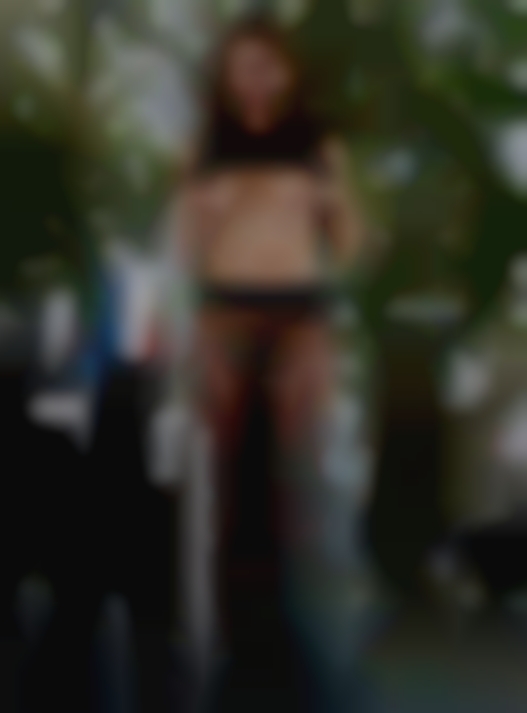 Haition threesome looking women nude being interesting.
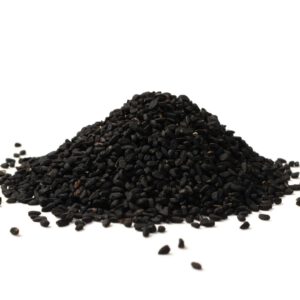 קצח הכל דבש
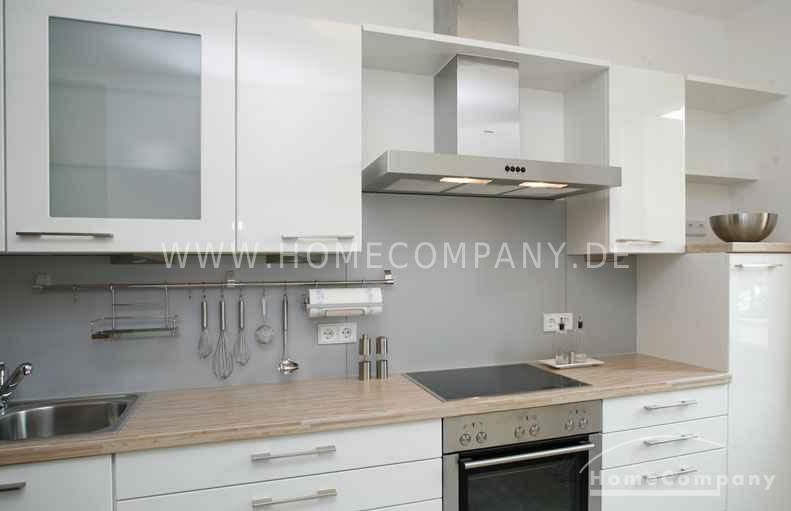 Bel appartement meublé de 4 pièces avec terrasse dans le Westend – 0909e9905b57d20ca1890d8c51d340fc4c26c528.jpg
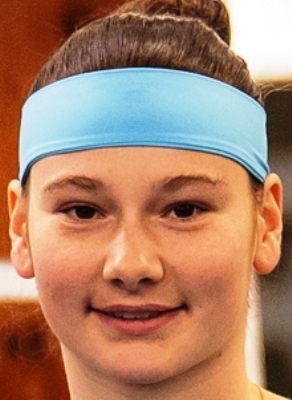 Zoe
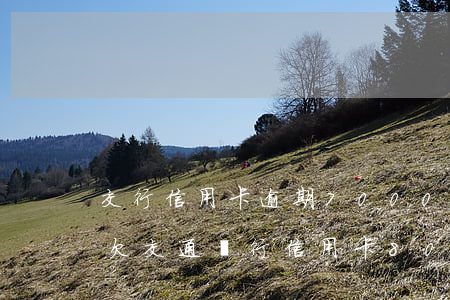 交行信用卡逾期7000上門(mén)了(欠交通銀行信用卡8000今天說(shuō)上門(mén)是真的嗎)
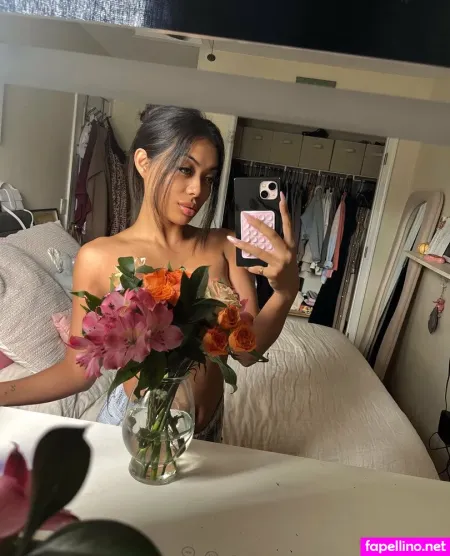 Melissacalangi OnlyFans Thumbnail #mJ4jM4dCGB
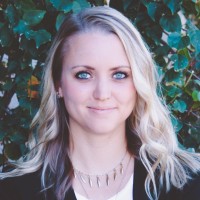 Mallory Olson Email & Phone Number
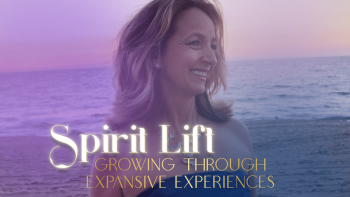 June 5, 2022 - Spirit Lift with Victoria Reynolds_ Growing Through Expansive Experiences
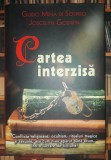 Guido Mina di Sospiro, Joscelyn Godwin&nbsp;-&nbsp;Cartea interzisa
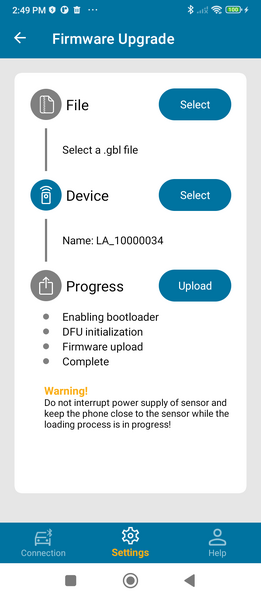 File:14-dfu-page.png
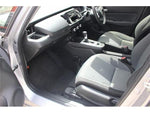 FIT e:HEV 4WD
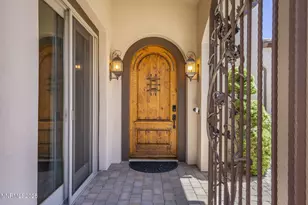 14220 Eagle Springs Ct, Reno, NV 89511 - Photo 4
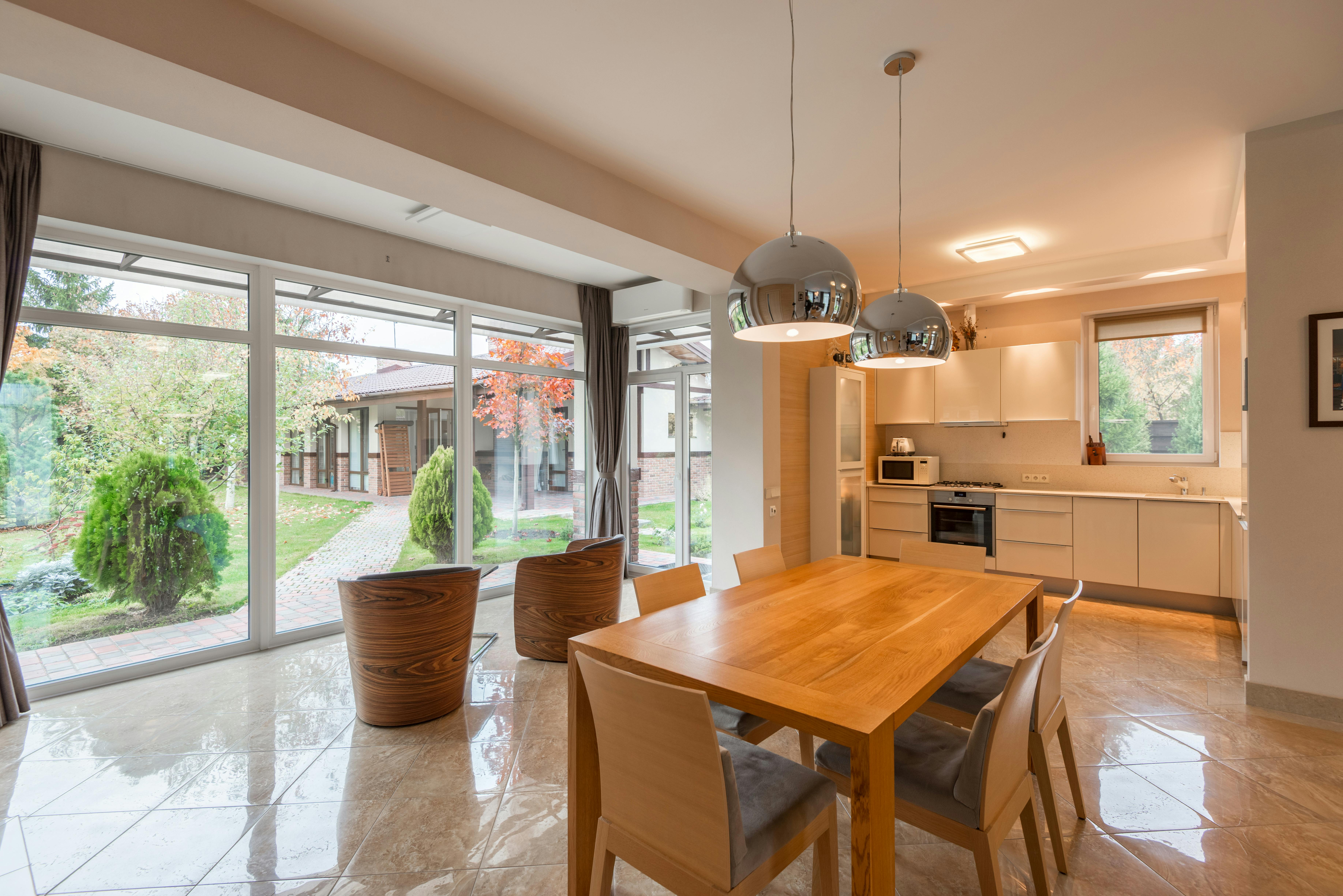 Coastal Cabana: Your Future Beachside Home Awaits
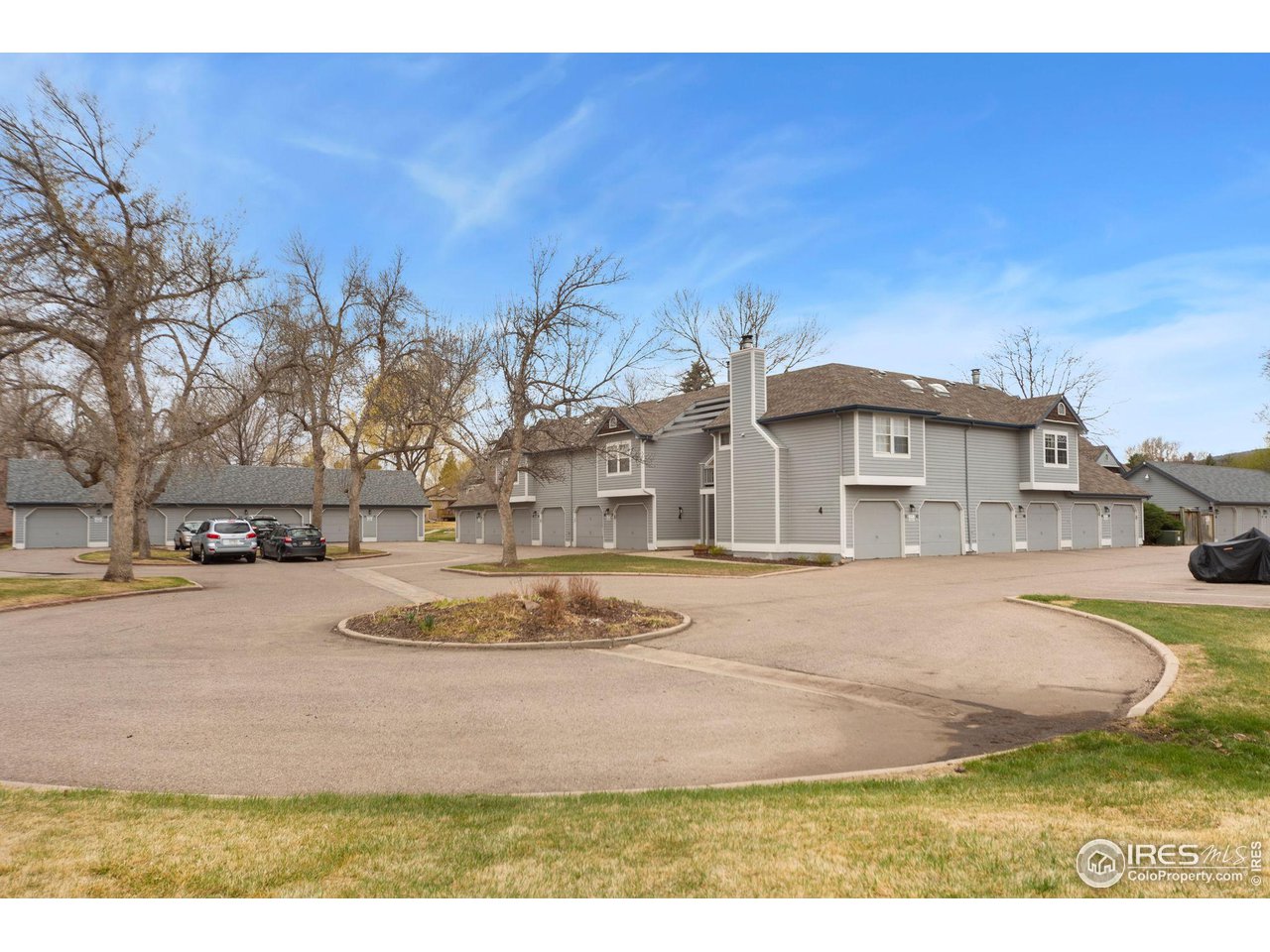 1601 West Swallow Road, Unit 4A Fort Collins, CO 80526 - Photo 34 of 40 Gallery Image 34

=====

TASK DIRECTIONS — The reply should hold an exact repeat of the entries from their opening line through the line with "Melissacalangi OnlyFans Thumbnail", and no pictures at all.

RESPONSE FOR THIS EXERCISE —
 Haition threesome looking women nude being interesting.
 קצח הכל דבש
 Bel appartement meublé de 4 pièces avec terrasse dans le Westend – 0909e9905b57d20ca1890d8c51d340fc4c26c528.jpg
 Zoe
 交行信用卡逾期7000上門(mén)了(欠交通銀行信用卡8000今天說(shuō)上門(mén)是真的嗎)
 Melissacalangi OnlyFans Thumbnail #mJ4jM4dCGB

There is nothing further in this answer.